Erst vor Kurzem eröffnete der Automobilzulieferer Swoboda Hartmann ein Werk in China. Im Interview erklärt der Geschäftsführende Gesellschafter der Swoboda Hartmann Holding Dr. Matthias Groth, warum die Internationalisierung alternativlos war und wieso das Unternehmen mit den Autobauern mitzieht.
Herr Dr. Groth, ist es für Automobilzulieferer ein Muss, ins Ausland zu gehen?
Das Thema Internationalisierung ist für uns nicht „nice to have“. Die Internationalisierung gehört zwangsläufig dazu. Getrieben ist sie innerhalb Europas rein durch die Kostensituation. Das führte bei Swoboda Hartmann dazu, dass wir heute auch in Tschechien oder Rumänien mit Werken vertreten sind.
Gibt es für die Automobilindustrie Deutschland noch als eigenständigen Markt?
Nicht auf der Produktionsseite. Schon seit vielen Jahren ist Europa produktionsseitig ein homogener Markt. Dem Fahrzeughersteller ist es völlig egal, ob die Teile, die er von uns bekommt, in Deutschland oder anderen europäischen Ländern von uns gefertigt wurden. Er möchte die günstigste Möglichkeit haben, weil der Kostendruck in der Branche extrem hoch ist. Müssen die Produkte hochautomatisiert gefertigt werden, machen wir das in Deutschland. Bei sehr einfachen Prozessen kommen sie aus Rumänien.
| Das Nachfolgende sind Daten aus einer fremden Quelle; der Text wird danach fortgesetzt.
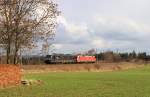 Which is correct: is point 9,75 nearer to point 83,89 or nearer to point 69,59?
point 83,89

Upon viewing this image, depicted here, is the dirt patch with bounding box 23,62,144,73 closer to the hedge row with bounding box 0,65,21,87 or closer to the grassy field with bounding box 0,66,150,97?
the grassy field with bounding box 0,66,150,97

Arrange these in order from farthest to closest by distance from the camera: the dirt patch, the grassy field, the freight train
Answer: the freight train < the dirt patch < the grassy field

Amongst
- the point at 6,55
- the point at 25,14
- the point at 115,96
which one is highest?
the point at 25,14

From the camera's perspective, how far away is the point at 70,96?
2791 cm

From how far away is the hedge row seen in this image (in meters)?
41.3

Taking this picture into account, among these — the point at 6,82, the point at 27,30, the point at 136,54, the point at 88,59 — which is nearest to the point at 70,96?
the point at 6,82

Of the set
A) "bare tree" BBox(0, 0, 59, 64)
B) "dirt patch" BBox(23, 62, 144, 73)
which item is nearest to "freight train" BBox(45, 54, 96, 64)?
"dirt patch" BBox(23, 62, 144, 73)

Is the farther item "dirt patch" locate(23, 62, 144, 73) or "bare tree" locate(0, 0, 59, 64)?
"dirt patch" locate(23, 62, 144, 73)

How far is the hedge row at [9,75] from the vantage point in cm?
4134

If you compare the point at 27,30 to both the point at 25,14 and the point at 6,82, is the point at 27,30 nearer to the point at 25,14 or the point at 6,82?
the point at 25,14

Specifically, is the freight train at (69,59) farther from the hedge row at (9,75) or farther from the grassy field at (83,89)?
the hedge row at (9,75)

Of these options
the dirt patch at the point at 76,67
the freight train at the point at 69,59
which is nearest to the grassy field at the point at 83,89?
the dirt patch at the point at 76,67

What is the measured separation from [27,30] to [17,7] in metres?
2.73

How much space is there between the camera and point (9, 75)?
42781 mm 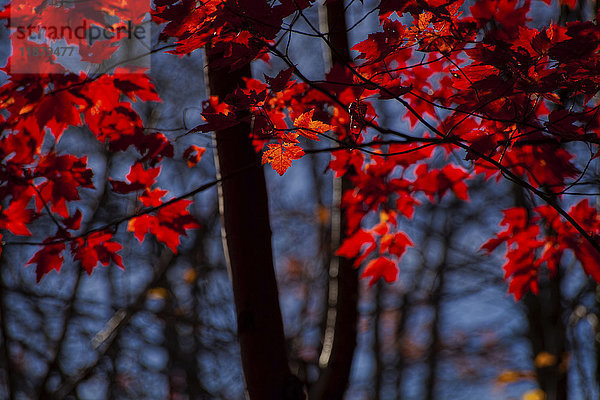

Welche Rolle spielt der chinesische Markt?
Eine riesige. China ist mittlerweile der größte Einzelmarkt weltweit. In Europa werden jährlich 17 Mio. Fahrzeuge verkauft. In den USA sind es ebenfalls rund 17 Mio. Autos. In China sind es 19 Mio. Fahrzeuge. Mittlerweile verkauft Volkswagen nicht nur 30% der PKWs, sondern baut auch 30% der Autos dort.
Welche Gründe hat das?
China hat einen sehr großen Binnenmarkt mit einer enormen Kaufkraft. Deswegen wollen die Chinesen natürlich auch die Wertschöpfung im Land haben. Die Autos sollen nicht nur dort zusammengebaut werden. Die Chinesen wollen auch, dass die Zulieferer dort die Teile produzieren. Intelligent steuern sie das über Zölle. Kommt ein fertiges Auto nach China, ist der Zoll extrem hoch. Wird ein Auto innerhalb Chinas gebaut, kann es sogar Subventionen geben, in nicht unwesentlicher Höhe. Das führt zu hohen Anreizen und zum Ergebnis, dass die Autos vor Ort gefertigt werden.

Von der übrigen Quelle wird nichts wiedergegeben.